Which database modifications should I consider when publishing massive numbers of publication requests?
It is not recommended to publish enormous amounts of publication requests unless necessary. Nonetheless, if you must publish such amounts, particularly with PostgreSQL, please fine-tune your autovacuum operations as advised below.
Adjust autovacuum operations in line with the example recommended settings below to prevent considerable growth in a PostgreSQL instance in the publication context described above.

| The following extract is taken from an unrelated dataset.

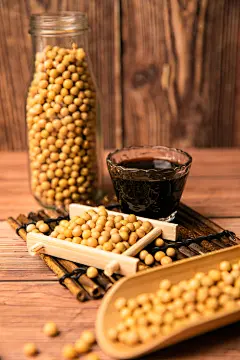 酱油大豆调味料佐料厨房用品摄影图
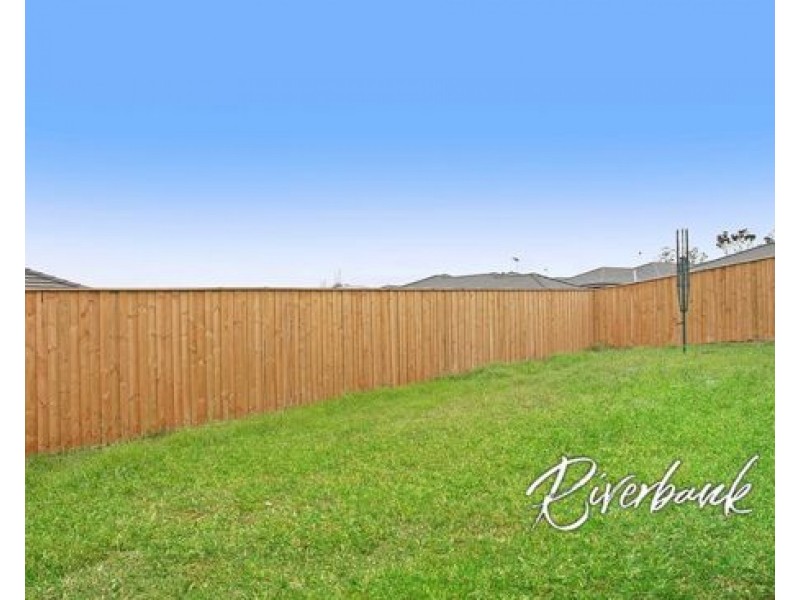 14 Fortune Street, Glenfield NSW 2167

autovacuum_vacuum_cost_delay=10ms shared_buffers=4GB autovacuum_work_mem=2GB maintenance_work_mem=8GB autovacuum_max_workers=6 autovacuum_naptime=15s autovacuum_vacuum_threshold=25 autovacuum_vacuum_scale_factor=0.1 autovacuum_analyze_threshold=10 autovacuum_analyze_scale_factor=0.05 autovacuum_vacuum_cost_delay=10ms autovacuum_vacuum_cost_limit=1000
|You should adapt these settings to the resources available in your environment.|
The volume of data required to run Magnolia is negligible, typically below 10 MB. The main driver of the total data volume is the customer who decides what content to store in Magnolia and in how many versions to store the content.
A reasonable operational size should be:
Double the amount of the data the customer has if the content is versioned.
Less than that if the content is not versioned.
More than that if there is a lot of content which is versioned frequently.
There are four tables and three indexes created for every JCR workspace. The total number of workspaces depends on the modules the customer decides to use and the number of content types created. One content type means one workspace. The default Magnolia bundle comes with approximately 20 workspaces, hence there are around 80 database tables in total.
This is configurable. By default, the database will only store text-based data up to the size of one kilobyte. However, this limit can be increased.
The datastore (the binaries) can be configured to be stored in the database as well. While this increases the load on the database, it will greatly simplify backup and restore strategies and, therefore, this is the recommended setup. With all the data in the database, there will be an additional table per workspace, hence not four but five tables per content type.
The data stored is structured. However, it is not directly open for manipulation at the database level. The data is optimized for storage through a hierarchical-to-relational data mapping to make it perform the best at:
Runtime, as hierarchical data.
Storage time, in a relational database storage.
You can run all of your instances against a single database instance and just use different table spaces or prefixes for tables used by different workspaces.
However, to improve disaster tolerance, we recommend running fully redundant configurations, where each Magnolia instance is backed by an independent database instance.
All of the above is configurable. Hybrid setups can also be created and used. In a hybrid setup, some Magnolia instances are sharing a single database while others are backed by their own database instances.